The person who recommended this shop claimed that when he used to do this stuff back in 2012, suspension swaps were anywhere between $6500 and $10,000 depending on complexity.


----------



## Duncan (Dec 8, 2008)

joekitch said:


> sent out an email to a very highly recommended fabrication shop called chuckle's garage https://www.chucklesgarage.com/
> 
> going to try to get a very rough (plus or minus a grand) estimate on how much this might be for a shop to do....and more importantly, what i could do on my end to reduce that cost like more detailed modeling in CAD and getting CNC machined mount hardware....maybe...
> 
> The person who recommended this shop claimed that when he used to do this stuff back in 2012, suspension swaps were anywhere between $6500 and $10,000 depending on complexity.


I built my whole car for less than that!


----------



## kstegath (Nov 4, 2008)

Your budget is $15k plus another $20k - right?
I converted my C3 about 10 years ago. Lots of pictures at: Advanced-ev.com


Space for batteries isn't the big issue.
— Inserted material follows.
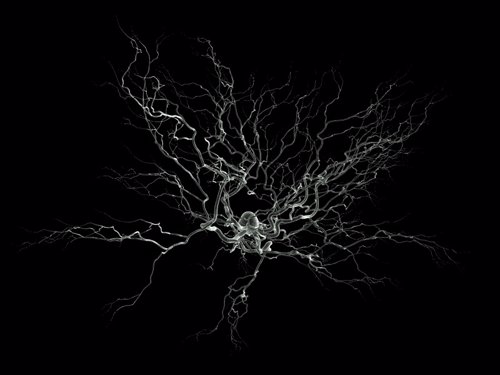 Neurona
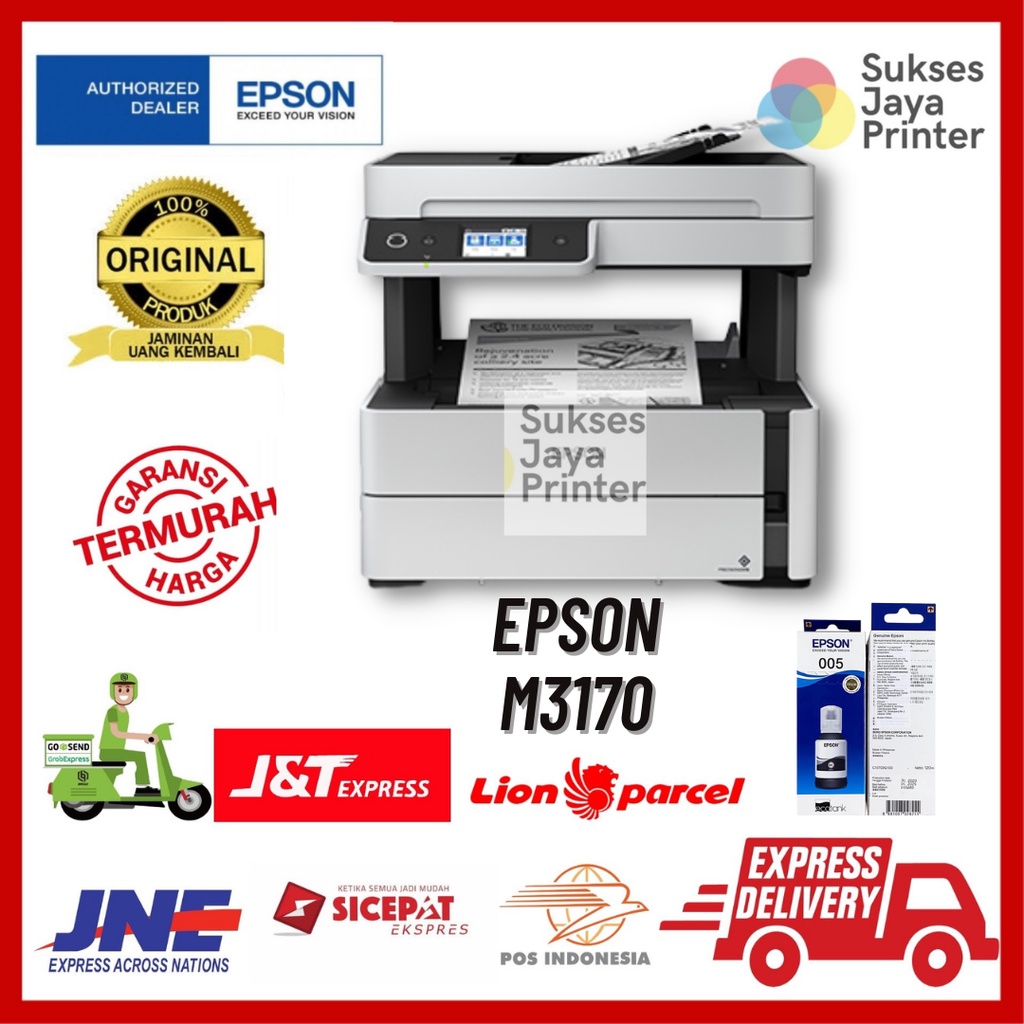 epson printer M3170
If you're going to race this thing, the big issue is keeping them low in the car and between the front and rear wheels.
I used twenty-three lead-acid Odyssey PC1500 - 12V, 50lbs
Total pack weighs 1,150 lbs
Mounted 11 in the front and 12 in the rear - The rear was easy
Weight distribution:
Scales at a recycle center showed
Total weight: 3,860 lbs
 Front: 1,880 lbs
Rear: 2,120 lbs


----------



## joekitch (Sep 13, 2013)

kstegath said:


> Your budget is $15k plus another $20k - right?
> I converted my C3 about 10 years ago. Lots of pictures at: Advanced-ev.com
> 
> 
> ...


oh dang i remember seeing your build multiple times, seems like the only electric c3 out there.
that warp 11 mount is quite cool
ever thought about bringing it back with modern batteries? could cut that pack weight in half for the same range, get the curb weight back to what it was stock

also, where'd you get the cad model of the frame?


----------



## joekitch (Sep 13, 2013)

also, new battery possibility.
for about the same nominal voltage and the same capacity (36kw) i can build this smart EV battery box, which will take up much less space and weigh more like 600lbs instead of 900lbs
https://youtu.be/hp4eyaZzwts?t=154

only problem is, that many smart ev modules is liks $7800, phew


----------



## joekitch (Sep 13, 2013)

also, revisiting the idea of getting an aftermarket tube chassis, after talking with an expert fabricator about my subrame swap idea. he didn't want to give a quote or estimate but claimed it wouldn't be that difficult, just pretty time consuming to plan out since you can't exactly trial and error this, only got one frame. His wordage was along the lines of "if the client doesn't have 20 to 30 grand to sink into this, they probably shouldn't try".
and even after putting that subframe in, the amount of chassis flex this setup could introduce is pretty high, with the C3's frame being famously flexy and noodly, this would be bad.

enter: tube chassis

http://www.sriiimotorsports.com/196382corvette.html

the advantages being 
i get a proper modern rear IRS setup, tons of chassis rigidity i'd otherwise have to weld into a stock c3 frame
extremely good ride/handling balance on par with a modern corvette
you even get more engine bay space for batteries since the front suspension geometry is less bulky.
Importantly, all that rigidity makes the motor mounting itself FAAAR easier, i'd only need some thin steel bits to bolt into the motor casing's mount points. 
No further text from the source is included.